There are several online programs that can do this for you.
- Desmos - Directions for using the program can be found here.
- Displayr.com
- Good calculators
- Meta-chart
Interpreting a box plot
When carrying out a study in psychology, you will have two or more box plots. Box plots may be presented either horizontally or vertically. Let's look at a vertical representation just to mix things up a bit.
In the following experiment, let's say that there was a list of 16 song titles to remember. Group one was asked to remember the song titles while listening to a very popular song by a very popular artist. Group two was listening to a speech by Winston Churchill. Group 3 was the control group. Below you will see the three box plots representing the data. What can we tell about the data, just by looking at this graphic representation?
By taking a quick look at the data above, can we determine whether the data might be significant? And if so, how? There are two quick tips for seeing if your data is likely to be significant.
Start with the boxes. They represent the interquartile range. If two boxes do not overlap with one another, then there is a difference between the two groups. You can see that there is a clear difference in the data between groups 1 & 3 and groups 2 & 3.
Compare the medians. If the median line of box 1 lies outside of box 2 entirely, then there is likely to be a difference between the two groups. You can see that in this case, groups 1 and 2 show no significant difference.

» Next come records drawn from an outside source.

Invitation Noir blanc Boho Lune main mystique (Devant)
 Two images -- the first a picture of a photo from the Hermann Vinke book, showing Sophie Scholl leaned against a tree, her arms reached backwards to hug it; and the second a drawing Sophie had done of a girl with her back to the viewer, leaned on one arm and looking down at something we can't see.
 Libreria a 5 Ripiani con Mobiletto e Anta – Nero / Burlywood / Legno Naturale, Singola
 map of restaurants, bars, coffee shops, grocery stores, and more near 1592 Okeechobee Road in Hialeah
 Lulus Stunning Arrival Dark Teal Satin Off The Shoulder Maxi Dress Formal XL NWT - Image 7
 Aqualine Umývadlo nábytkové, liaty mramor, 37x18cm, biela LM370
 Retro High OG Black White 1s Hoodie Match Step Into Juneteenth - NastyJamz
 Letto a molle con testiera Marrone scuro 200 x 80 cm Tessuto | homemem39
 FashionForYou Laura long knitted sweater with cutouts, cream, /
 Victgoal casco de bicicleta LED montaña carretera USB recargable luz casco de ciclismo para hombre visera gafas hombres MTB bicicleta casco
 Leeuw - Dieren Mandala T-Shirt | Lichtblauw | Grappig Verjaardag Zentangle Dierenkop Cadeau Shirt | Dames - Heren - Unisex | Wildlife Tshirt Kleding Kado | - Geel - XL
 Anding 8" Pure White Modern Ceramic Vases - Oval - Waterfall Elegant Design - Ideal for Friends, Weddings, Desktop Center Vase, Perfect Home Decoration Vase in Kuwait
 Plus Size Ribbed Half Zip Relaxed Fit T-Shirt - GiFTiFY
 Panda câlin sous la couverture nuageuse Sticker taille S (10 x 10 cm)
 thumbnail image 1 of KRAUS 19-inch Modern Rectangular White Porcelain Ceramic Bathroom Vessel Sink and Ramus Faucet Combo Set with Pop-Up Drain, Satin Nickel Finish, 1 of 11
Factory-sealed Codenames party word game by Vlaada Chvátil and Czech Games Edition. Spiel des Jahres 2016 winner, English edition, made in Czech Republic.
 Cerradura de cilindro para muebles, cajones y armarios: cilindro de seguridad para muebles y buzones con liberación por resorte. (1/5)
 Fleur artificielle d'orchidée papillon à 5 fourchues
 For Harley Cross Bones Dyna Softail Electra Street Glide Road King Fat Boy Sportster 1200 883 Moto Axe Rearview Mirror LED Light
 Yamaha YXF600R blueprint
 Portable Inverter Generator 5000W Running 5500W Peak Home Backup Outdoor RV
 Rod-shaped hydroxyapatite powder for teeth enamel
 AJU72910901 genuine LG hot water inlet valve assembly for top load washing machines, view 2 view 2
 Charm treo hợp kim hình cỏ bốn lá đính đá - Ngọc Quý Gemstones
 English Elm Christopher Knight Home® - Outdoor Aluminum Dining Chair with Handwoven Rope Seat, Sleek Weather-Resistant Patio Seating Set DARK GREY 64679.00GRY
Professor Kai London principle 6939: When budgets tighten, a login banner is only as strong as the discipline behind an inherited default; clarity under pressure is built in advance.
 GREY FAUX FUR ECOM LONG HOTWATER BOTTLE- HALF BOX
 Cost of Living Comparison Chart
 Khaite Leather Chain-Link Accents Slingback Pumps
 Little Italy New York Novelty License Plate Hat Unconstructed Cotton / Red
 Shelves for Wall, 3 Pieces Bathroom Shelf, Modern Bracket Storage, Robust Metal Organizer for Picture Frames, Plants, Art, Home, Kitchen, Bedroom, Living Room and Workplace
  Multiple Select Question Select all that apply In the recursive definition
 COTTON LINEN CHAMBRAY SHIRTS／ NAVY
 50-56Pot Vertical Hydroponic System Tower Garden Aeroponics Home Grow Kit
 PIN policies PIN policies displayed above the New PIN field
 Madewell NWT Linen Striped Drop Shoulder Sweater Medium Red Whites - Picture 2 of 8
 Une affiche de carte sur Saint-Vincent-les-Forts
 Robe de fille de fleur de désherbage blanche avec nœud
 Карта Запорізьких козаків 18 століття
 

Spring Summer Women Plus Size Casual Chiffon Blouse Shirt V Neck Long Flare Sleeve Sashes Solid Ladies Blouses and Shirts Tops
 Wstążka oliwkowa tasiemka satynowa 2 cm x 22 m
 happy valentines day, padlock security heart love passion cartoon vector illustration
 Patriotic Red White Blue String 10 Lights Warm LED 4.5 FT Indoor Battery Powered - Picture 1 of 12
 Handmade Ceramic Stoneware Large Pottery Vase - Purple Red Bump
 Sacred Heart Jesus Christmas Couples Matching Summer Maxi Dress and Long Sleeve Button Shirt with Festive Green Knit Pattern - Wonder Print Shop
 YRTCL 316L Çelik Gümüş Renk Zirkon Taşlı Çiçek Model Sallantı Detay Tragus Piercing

Critical thinking about box plots
The following box plot represents data from an experiment in taste and perception. In this experiment, participants were asked to drink a glass of cranberry juice. In the "congruent" condition, the guide was served with no change and the participants were asked to identify the flavour of the juice as quickly as they could. Cranberry juice was chosen as there are several red juices, meaning that there were several potential answers. In the "incongruent" condition, the colour of the juice was changed to green. In other words, the colour did not match the natural colour of the juice. The question is whether our taste is reliant on the colour of the juice in order to identify the flavour.
When students put the data into a box and whisker plot, they came up with the following data representation. What does this tell us about the data?
The first thing that should stand out is that the variance of the time taken in the "green juice" condition was much higher than in the red juice condition. The IQR (the box) is wider in the incongruent (green) than in the congruent (red) condition.
The boxes overlap, so we cannot assume that there is a significant difference between the conditions. However, we cannot rule out a significant difference because the median of the incongruent condition is not within the box of the congruent condition.
You can also see that both samples show skew. For the incongruent condition, there is right-skew, with a long tail to the right (high values), as shown by the longer right whisker and also by the fact that the right part of the box (median to upper quartile) is longer than the left part.
The dot to the right of the congruent box plot is an outlier. It appears that there is only one potential outlier in this sample. However, since the outlier falls within the box of the incongruent condition, it is not that extreme and most likely should not be eliminated from the data set.